Dreimal in Wimbledon gewonnen, zweimal bei den Australian Open, einmal bei den US Open, insgesamt 49 Turniersiege - die Liste der Erfolge, die Boris Becker in seiner Karriere feierte, ist verdammt lang. Doch mit einer Sache wollte es nie klappen.
Eine heikle Andeutung Boris Beckers, die für viel Ärger sorgte
Beckers bitterste Niederlage
Niemals gewann der Mann, der mit seinem Wimbledon-Sieg 1985 einen deutschen Tennis-Urknall auslöste, ein Turnier auf Sand. Sechsmal stand Becker auf dem ungeliebten Belag im Finale, sechsmal fand er seinen Meister - mal in Pete Sampras, mal in spanischsprachigen Spezialisten wie Sergi Bruguera, Alex Corretja, Alberto Mancini oder dem kürzlich verstorbenen Juan Aguilera.
Besonders schmerzhaft war allerdings heute vor 30 Jahren ein verlorenes Endspiel, das Becker später als „schlimmste Niederlage” seiner gesamten Karriere bezeichnete: das gegen Thomas Muster am 30. April 1995 in Monte Carlo.
Indirekte Doping-Vorwürfe Beckers schlugen Wellen
Mit 2:0 lag Becker nach Sätzen vorn, hatte im vierten Durchgang zwei Matchbälle gegen den Österreicher, der damals als der überragende Spieler auf Sand galt. Nie zuvor und nie danach war Becker dem Triumph auf dem Ascheplatz näher. Doch er vergab beide Möglichkeiten, die zweite nur um wenige Zentimeter, und verlor auch dieses Endspiel.
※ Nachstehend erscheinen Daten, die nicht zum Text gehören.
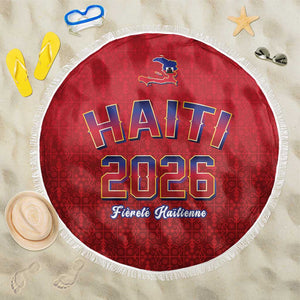 Afro-Haitians World Football 2026 Beach Blanket Haiti est de Retour Red Voodoo Veve Spirits - African Pride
Im entscheidenden fünften Satz hatte Becker letztlich keine Chance mehr und kassierte mit 0:6 sogar die Höchststrafe - 4:6, 5:7, 6:1, 7:6, 6:0 hieß es letztlich aus Musters Sicht.
Besonders bemerkenswert: Muster war angeschlagen, musste nach seinem Halbfinalsieg gegen den Italiener Andrea Gaudenzi wegen einer Unterzuckerung im Krankenhaus behandelt werden. Becker erwartete wohl ein leichteres Spiel und sah sich arg getäuscht.
Der Kampfgeist seines Gegners erwischte Becker damals auf dem falschen Fuß. Groß war der Ärger darüber - so groß, dass er sich zu Aussagen gegen Muster hinreißen ließ, die als indirekte Dopingvorwürfe gelesen wurden. „Im Halbfinale war er quasi am Sterben, am Tag darauf gewinnt er das Endspiel in fünf Sätzen. Da passt irgendwie was nicht zusammen”, sagte der mittlerweile 57-Jährige - was hohe Wellen schlug.
Becker und Muster: Ein lange schwieriges Verhältnis
Musters Manager Ronnie Leitgeb reagierte empört, sein Schützling wiederum unterzog sich am Dienstag nach seinem Sieg einem freiwilligen Dopingtest, der negativ ausfiel. Für Becker - der später erklärte, seine Äußerungen seien ihm in den Mund gelegt und in einen falschen Kontext gesetzt worden - gab es von der ATP eine Geldstrafe von 20.000 Dollar.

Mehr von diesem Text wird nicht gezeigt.